Сторонники законодательной защиты труда исходят из неудовлетворительной теории заработной платы. Они с негодованием отвергают аргументы Сениора против законодательного регулирования продолжительности рабочего времени, но не в силах противопоставить ничего значимого тем выводам, к которым он пришел для стационарных условий. [385] Неспособность школы катедер-социалистов разобраться в экономических проблемах особенно явно демонстрирует Брентано. О том, до какой степени он не в состоянии постичь связь размера заработной платы и эффективности труда, видно из сформулированного им собственного «закона»: высокая заработная плата увеличивает продукт труда, а низкая заработная плата уменьшает его. Но ведь ясно, что хорошая работа просто оплачивается лучше, чем плохая [447*]. Эта ошибка делается еще более очевидной, когда он заявляет, что сокращение рабочего времени есть причина, а не результат роста производительности труда.
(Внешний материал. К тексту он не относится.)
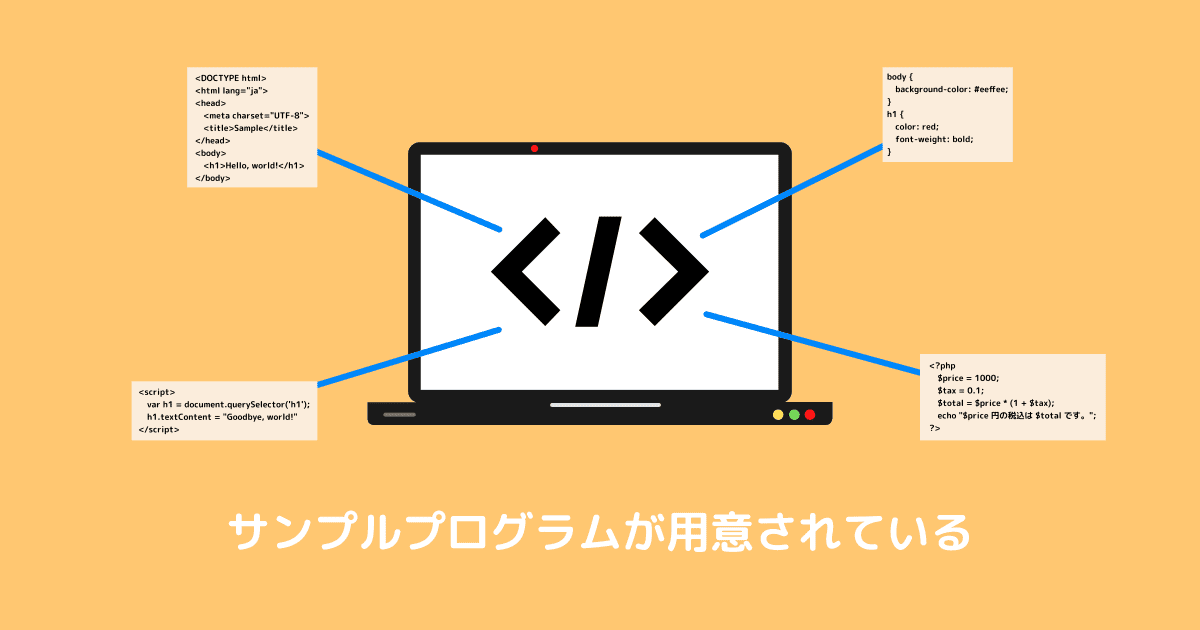 サンプルプログラムが用意されている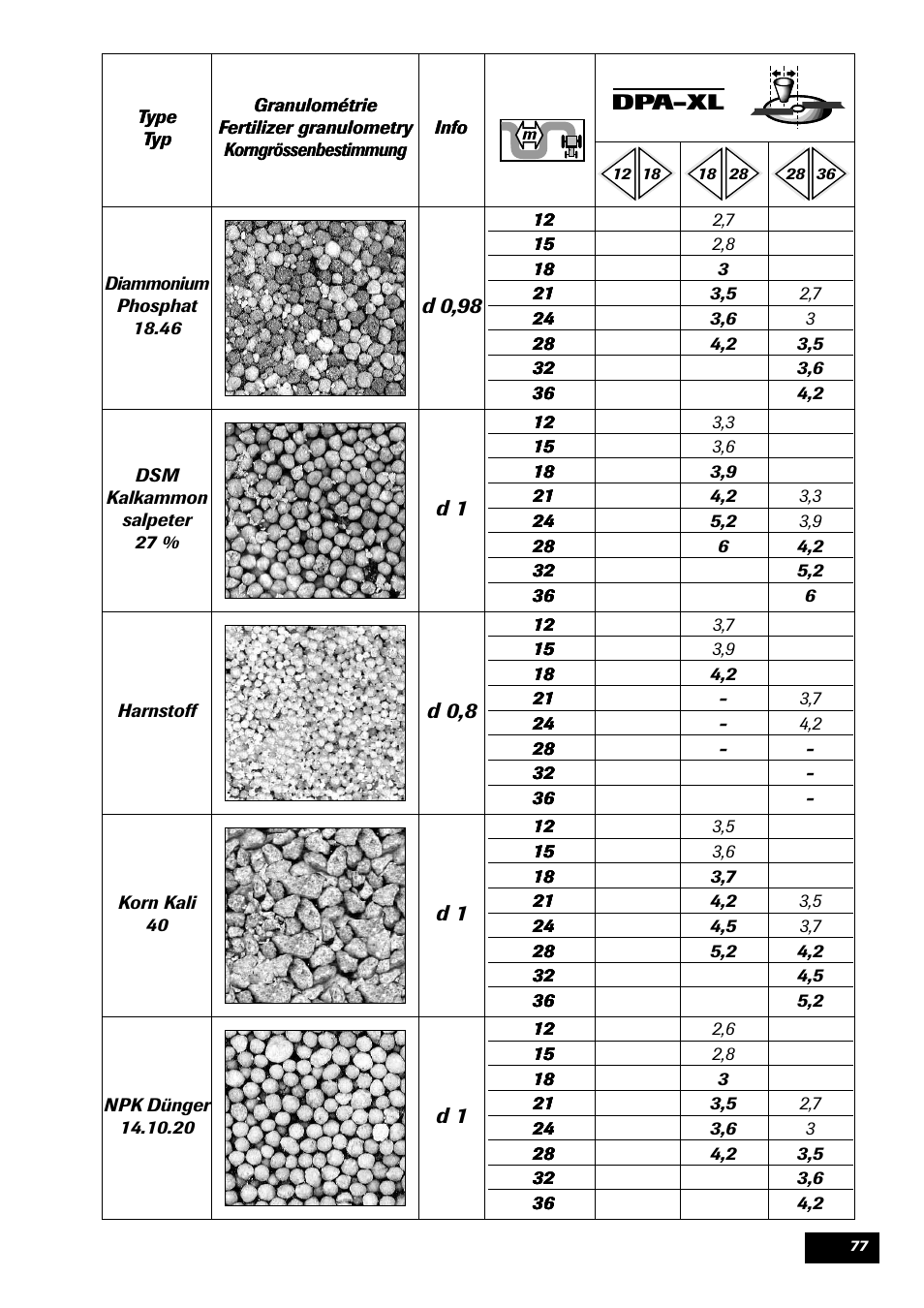 Sulky DPA - XL User Manual | Page 79 / 90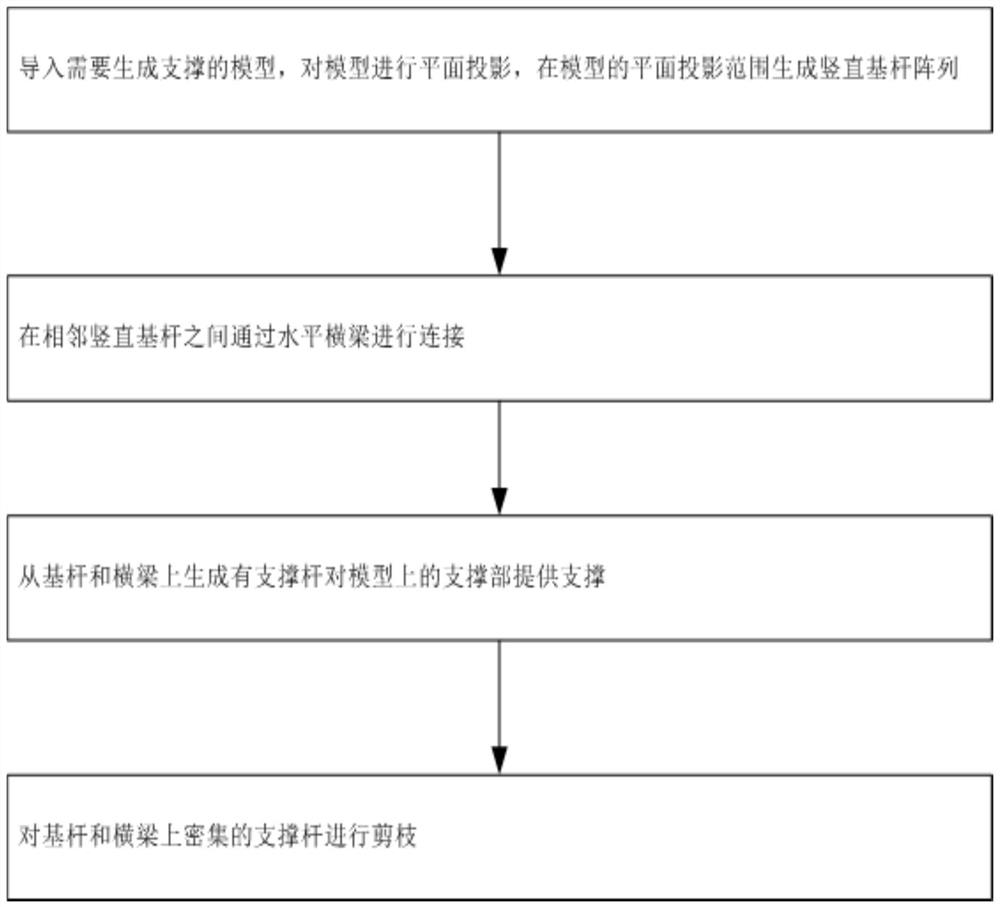 Support generation method of 3D printed denture bracket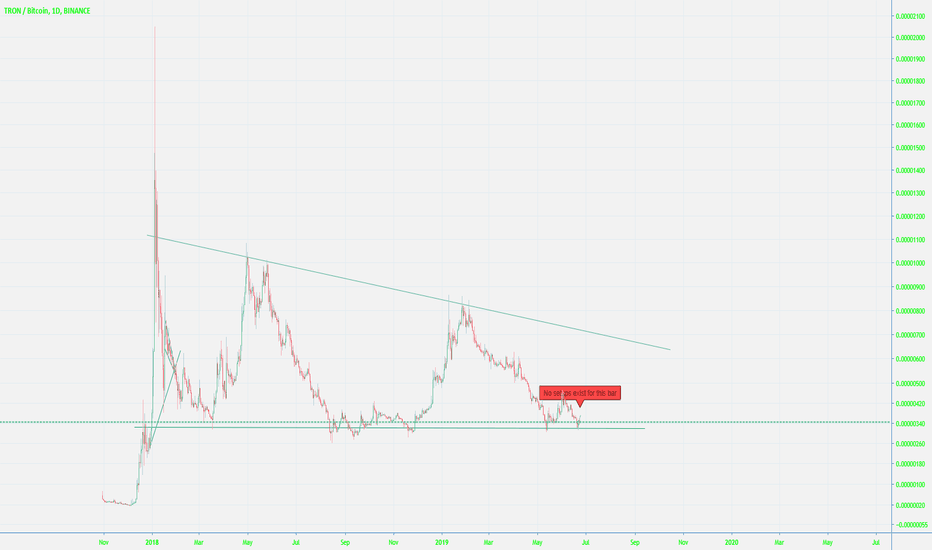 TRX bounces of resistance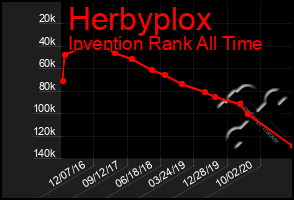 Total Graph of Herbyplox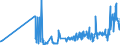 CN 20099029 /Exports /Unit = Prices (Euro/ton) /Partner: Slovakia /Reporter: Eur27_2020 /20099029:Mixtures of Fruit Juices, Incl. Grape Must, and Vegetable Juices, Unfermented, Brix Value > 67 at 20°c, Value of > 30 € per 100 kg, Whether or not Containing Added Sugar or Other Sweetening Matter (Excl. Containing Spirit and Mixtures of Apple and Pear Juice)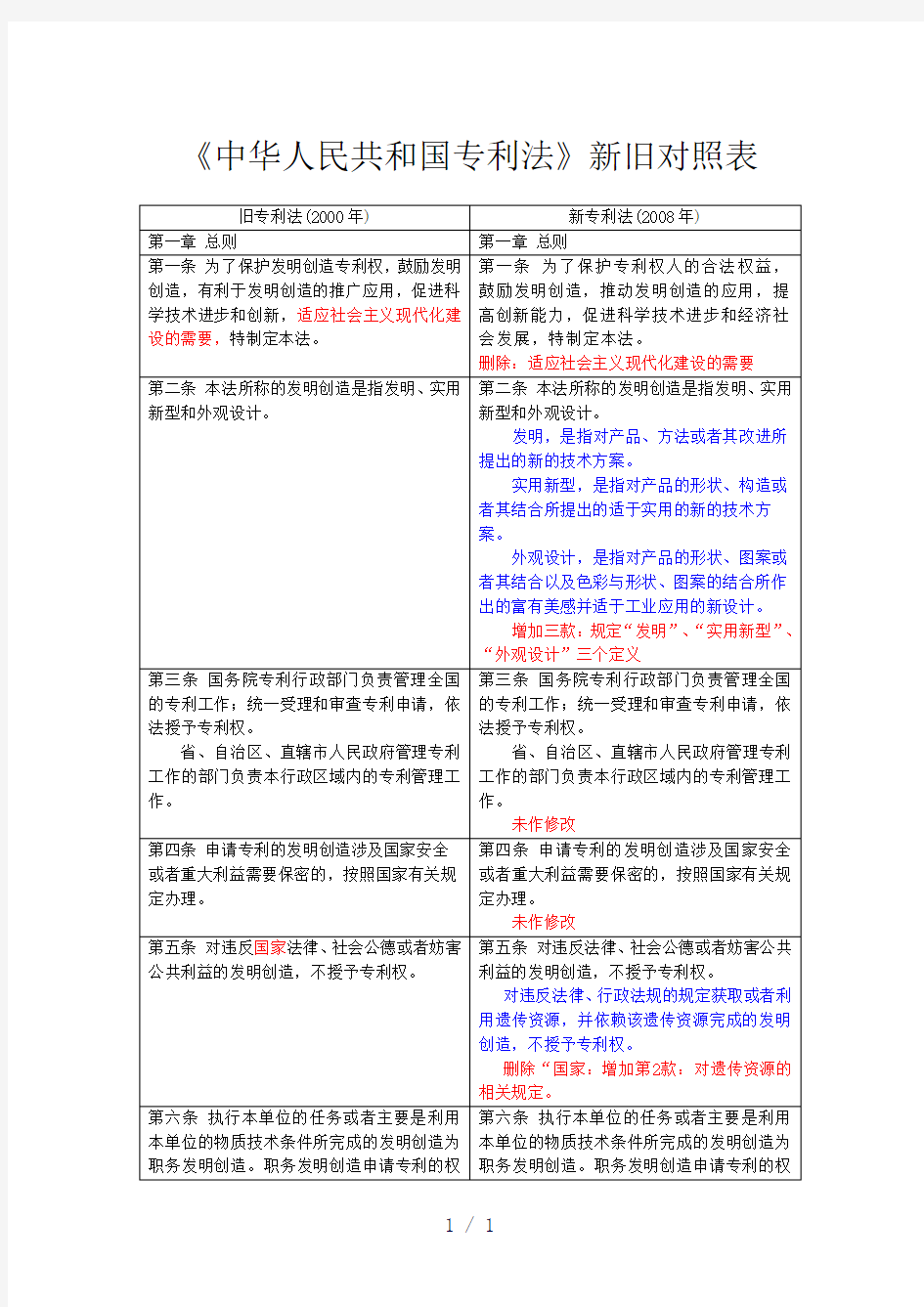 旧专利法对照word版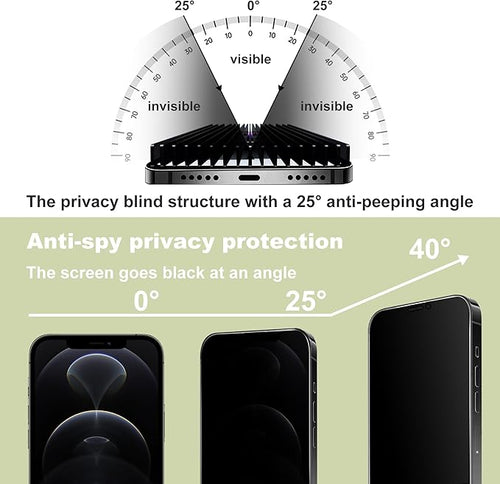 (2-Pack Anti-Spy Privacy Screen Protector for iPhone 12/12 Pro(6.1-Inch),9H Tempered Glass,Full Coverage,Anti-Fingerprint,Auto Dust Removal,Bubble-Free,Easy Installation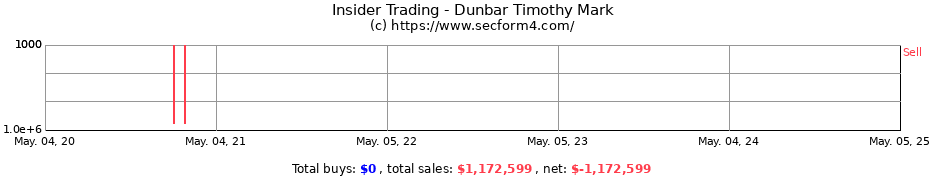 Insider Trading Transactions for Dunbar Timothy Mark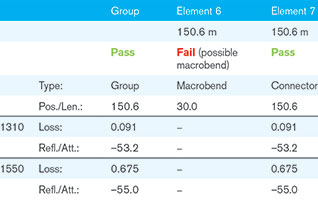Table 2. Measurement of fibre 3 using an iOLM-OTDR, detailed parameters for connector 6.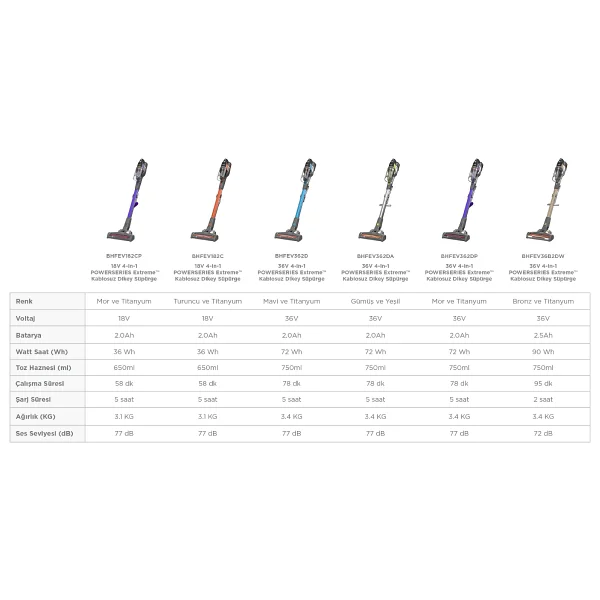 Black+Decker Powerseries Extreme Bhfev362d-Qw Şarjlı Dikey Süpürge - Görsel 7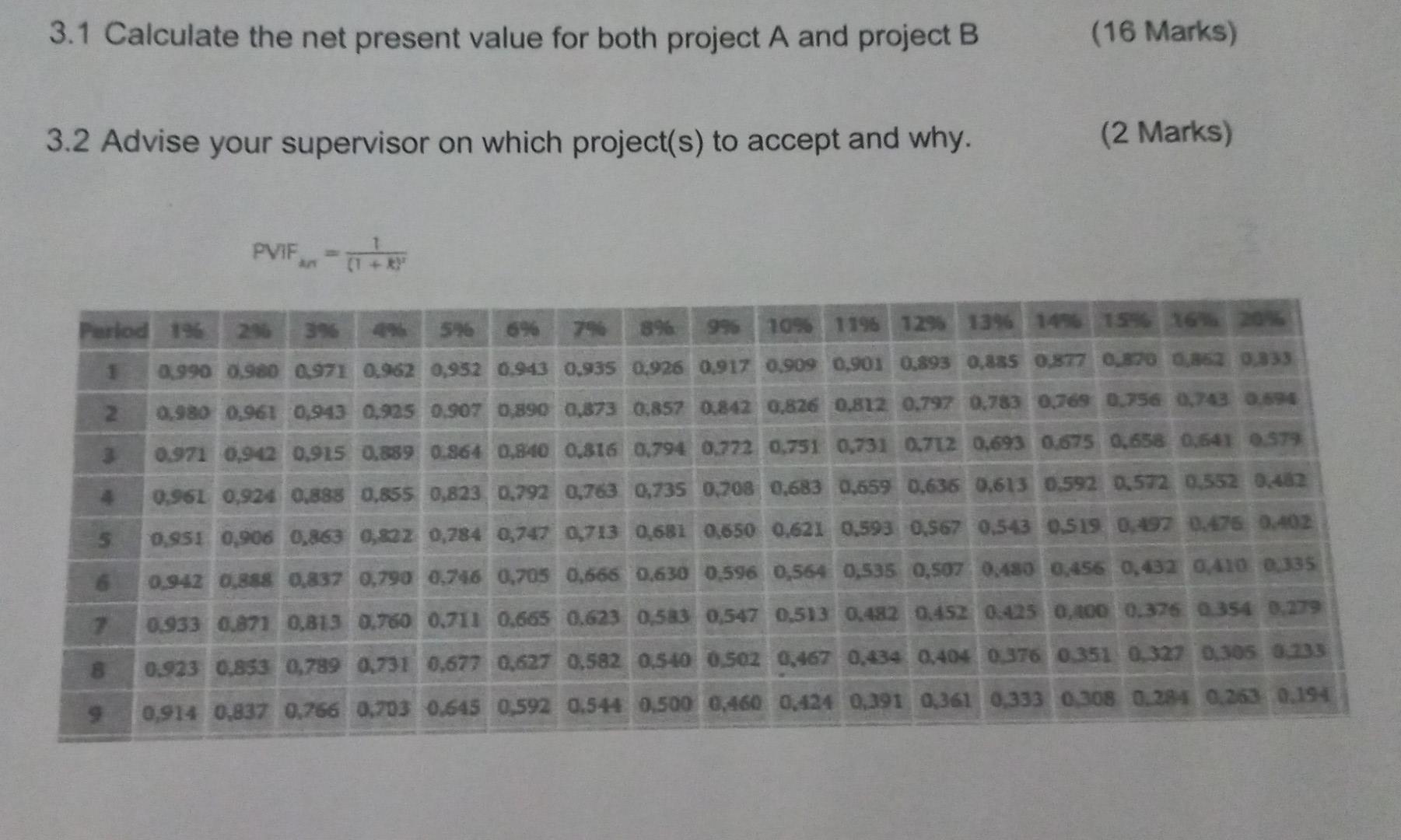 Solved 3.1 Calculate the net present value for both project | Chegg.com
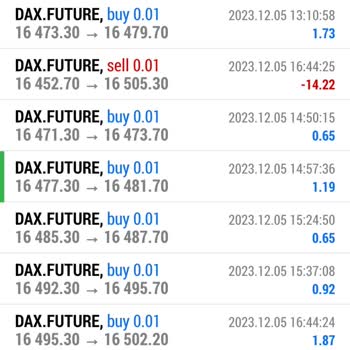 Rsi Capital Markets Yatırım Kayıpları Ve Desteksizlik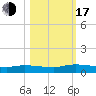 Peoria Point tide chart for Monday, October 17, 2022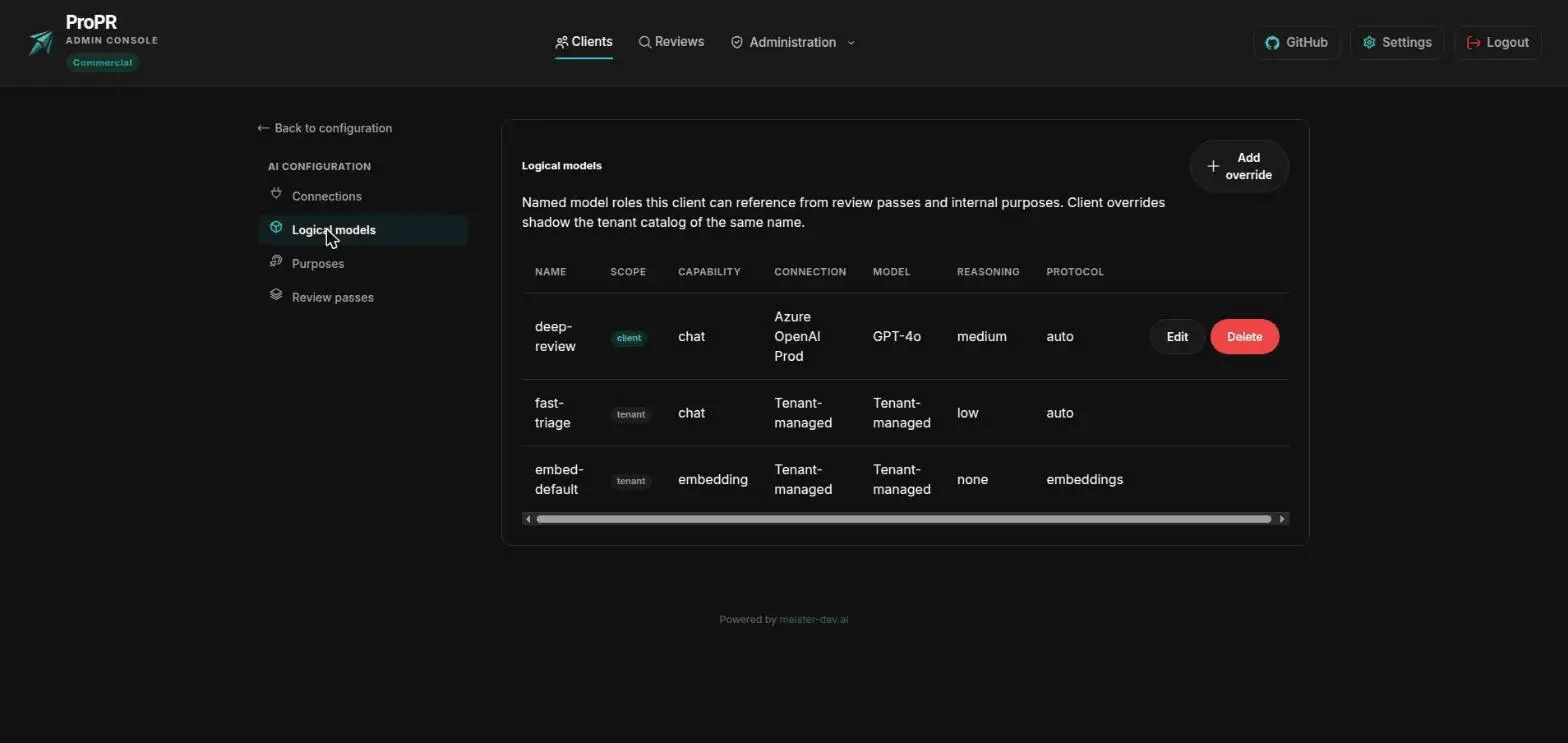 Screenshot 6 of ProPR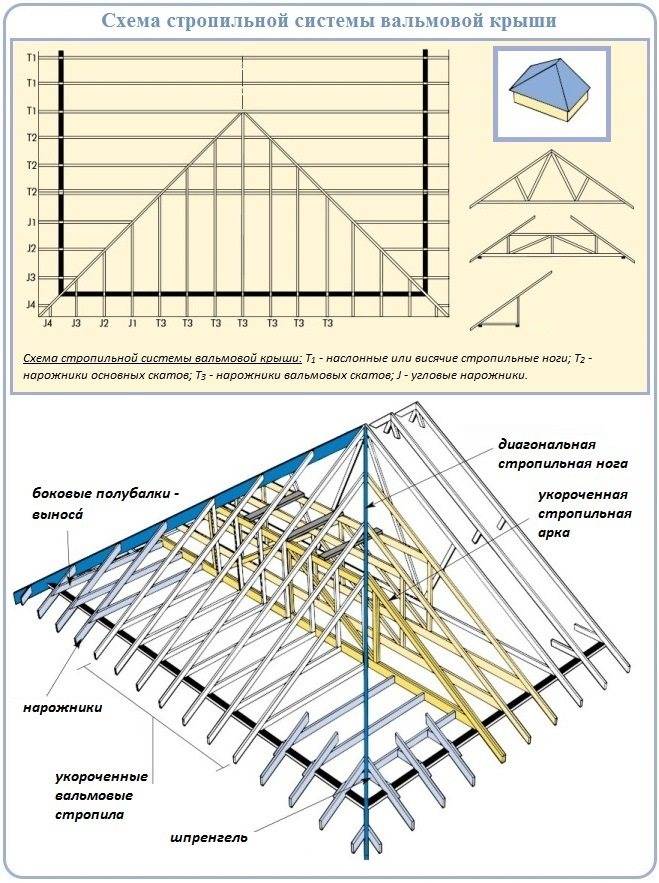 Вальмовая крыша – стропильная система вальмовой кровли, расчет, монтаж своими руками + фото-видео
Маркс и Энгельс, отцы немецкого социализма, хорошо понимали, насколько важна для распространения разрушительных идей борьба за рабочее законодательство. В «Учредительном манифесте Международного товарищества рабочих» говорится, что билль о 10-часовом рабочем дне в Англии «был не только важным практическим успехом, но и победой принципа; впервые политическая экономия буржуазии открыто капитулировала перед политической экономией рабочего класса» [448*]. За двадцать лет с лишком до этого Энгельс в еще более чистосердечных выражениях признал деструкционистский характер билля о 10-часовом рабочем дне. [386] Он не смог не согласиться, что контраргументы предпринимателей были наполовину верны. Этот закон, полагал Энгельс, приведет к сокращению заработной платы и сделает английскую промышленность неконкурентоспособной. Но это его не беспокоило. «Разумеется, — добавлял он, — если бы дело не пошло дальше десятичасового билля, Англии грозило бы разорение; но поскольку он неизбежно влечет за собой другие мероприятия, которые должны направить Англию на совершенно иной путь, чем тот, по которому она до сих пор шла, этот билль означает шаг вперед» [449*]. Если английская промышленность уступит иностранным конкурентам, революция станет неизбежной [450*]. В более поздней статье он говорит о билле о 10-часовом рабочем дне:
«Это уже не отдельная попытка парализовать промышленное развитие, это одно из звеньев в длинной цепи мероприятий, которые должны совершенно преобразовать современный строй общества и постепенно уничтожить существующие до сих пор классовые противоречия, это уже не реакционное, а революционное мероприятие» [451*].
Фундаментальную важность борьбы за рабочее законодательство нельзя недооценивать. Но Маркс и Энгельс, как и их либеральные оппоненты, переоценили непосредственный деструктивный потенциал отдельных мероприятий. Главные успехи в деле разрушения общества были достигнуты на других направлениях.